The reality is that before chat gate it wasn't used for those things much especially the trolling parties. In fact people repeatedly said leave bits of the forum to themselves. The thing I find annoying is how people seem to cherry pick what has been said in there rather than averaging things over weeks and weeks of stuff. 

As for the people that came back, we didn't encourage them, and I found it somewhat odd that admin even welcomed one of them to the forums (automatic message) and it wasn't till a substantial time later the moderators said it was 'obvious' and kicked them out.

If we could all get back to light banter, bikes, gear ratios, lights, commentary on sporting events and various other silly things I think it would be very much better. Some people like ianrauk have come in a lot and it's been good, it's a shame some of the rest of you don't feel that way, but that's up to you if you don't want to go in and participate.


----------



## iAmiAdam (17 Aug 2011)

marinyork said:


> The reality is that before chat gate it wasn't used for those things much especially the trolling parties. In fact people repeatedly said leave bits of the forum to themselves. The thing I find annoying is how people seem to cherry pick what has been said in there rather than averaging things over weeks and weeks of stuff.
> 
> As for the people that came back, we didn't encourage them, and I found it somewhat odd that admin even welcomed one of them to the forums (automatic message) and it wasn't till a substantial time later the moderators said it was 'obvious' and kicked them out.
> 
> If we could all get back to light banter, bikes, gear ratios, lights, commentary on sporting events and various other silly things I think it would be very much better. Some people like ianrauk have come in a lot and it's been good, it's a shame some of the rest of you don't feel that way, but that's up to you if you don't want to go in and participate.



Agreed.


The thing to remember is there's more posts in chat in a day than there is a week on the forum, so there's going to be more questionable content. Plus, I'd say these trolling parties are mythical. I only know of one where people have actually posted and all of the posts remained on the forum, can hardly be considered trolling. It also gets annoying when people get banned for replying to others.


----------



## Shaun (17 Aug 2011)

marinyork said:


> If we could all get back to light banter, bikes, gear ratios, lights, commentary on sporting events and various other silly things I think it would be very much better.



I agree.


----------



## Sittingduck (17 Aug 2011)

Angelfishsolo said:


> The problem as I see it is chat is only visible to those you take part in it and so much can be said about an individual / individuals without their knowledge. I have wittnessed such activity. When banned from chat a new account pops up and starts the trouble all over again. Thus banning an individual does not work and neither does blocking an e-mail address.

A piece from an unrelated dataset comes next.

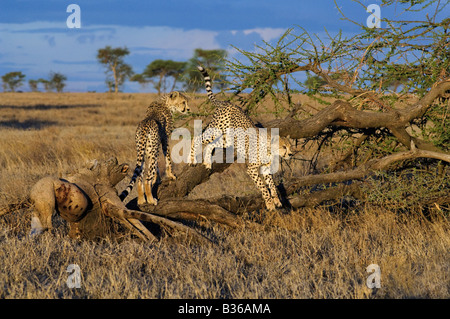 Gepard Wurf paart verspielte Erwachsene jungen Kletterbaum (Acinonyx Jubatus), Ndutu, Ngorongoro, Tansania Stockfoto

I don't see how it is any different to the PM feature, in that respect.


----------



## Angelfishsolo (17 Aug 2011)

Sittingduck said:


> I don't see how it is any different to the PM feature, in that respect.


Valid point.


----------



## ttcycle (17 Aug 2011)

Sittingduck said:


> I don't see how it is any different to the PM feature, in that respect.



real time makes it different I suppose, it's also the fact that a chatroom dynamic is very different to private messages.


----------



## Shaun (17 Aug 2011)

Chat is a public and shared space, PM's are private.


----------



## chris grace (21 Aug 2011)

I can't get on the chatroom,is there something I have to do?


----------



## ianrauk (21 Aug 2011)

chris grace said:


> I can't get on the chatroom,is there something I have to do?

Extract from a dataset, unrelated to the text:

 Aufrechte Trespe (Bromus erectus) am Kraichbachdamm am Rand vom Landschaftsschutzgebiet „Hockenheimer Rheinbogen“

Yes, post more in the forum. You have to have a certain amount of posts to gain access.


----------



## chris grace (21 Aug 2011)

Ah! thanks,problem solved.


----------



## Muddyfox (21 Aug 2011)

I could be Chat Room Police ... im always well behaved












Foxy


----------



## MissTillyFlop (25 Aug 2011)

Hi,

I can't get into chat.

Just get the error: [#CHAT-02] You do not have access to our chat room

Help!


----------



## ianrauk (25 Aug 2011)

To gain access you need a higher post count. Keep posting in the forums and you will soon reach the number that will allow you access.


----------



## MissTillyFlop (25 Aug 2011)

Ah, for some reason I thought it was 1o posts - many thanks to you, sir!


----------



## PpPete (25 Aug 2011)

You will of course be very welcome in chat when you do come in !


----------



## Louisearelly (25 Aug 2011)

Thanks for the advice, i was continually getting the error code too! More posts here I come!


----------



## lukesdad (18 Sep 2011)

Could n t get in tonight.


----------



## Dayvo (18 Sep 2011)

lukesdad said:


> Could n t get in tonight.




Not enough _quality_ posts, LD!


----------



## lukesdad (18 Sep 2011)

Dayvo said:


> Not enough _quality_ posts, LD!




Had n t thought of that one Dayvo


----------



## gaz (18 Sep 2011)

lukesdad said:


> Could n t get in tonight.



ditto


----------



## Angelfishsolo (18 Sep 2011)

Maybe you chaps have been banned


----------



## Shaun (19 Sep 2011)

Seems to be working okay now - I assume it was a blip with the IPS chat services.

Cheers,
Shaun


----------



## Noodley (4 Nov 2011)

There were about 8 people in a wee while ago, just before I got kicked and error message....none now showing as in chatroom...maybe a problem again? Several attempts have just resulted in error message.


----------



## Sittingduck (4 Nov 2011)

Looks like it's down again...

_[#CJOIN-0] There was an error connecting with the chat room. Please notify an administrator._


----------



## ianrauk (4 Nov 2011)

it's working fine for me.


----------



## Noodley (4 Nov 2011)

I got back in, then got error message again and kicked...


----------



## ianrauk (4 Nov 2011)

get a friggin decent internet connection then...


----------



## col (4 Nov 2011)

I got straight in


----------



## Noodley (4 Nov 2011)

My own fault I suppose, due to not being a knob and living in a city with all the other knobs who think being crammed next to other knobs is the way ahead...


----------



## col (4 Nov 2011)

pmsl Brill post


----------



## TheDoctor (4 Nov 2011)

Noodles, the anger that never stops giving!!


----------



## yello (5 Nov 2011)

Guess I'm a knob without a city slicker internet connection too then. Whilst I could log in (and not get kicked), I was getting random screen refreshes, messages appearing twice and frustrating lags. The latter one is probably my country bumpkin connection though.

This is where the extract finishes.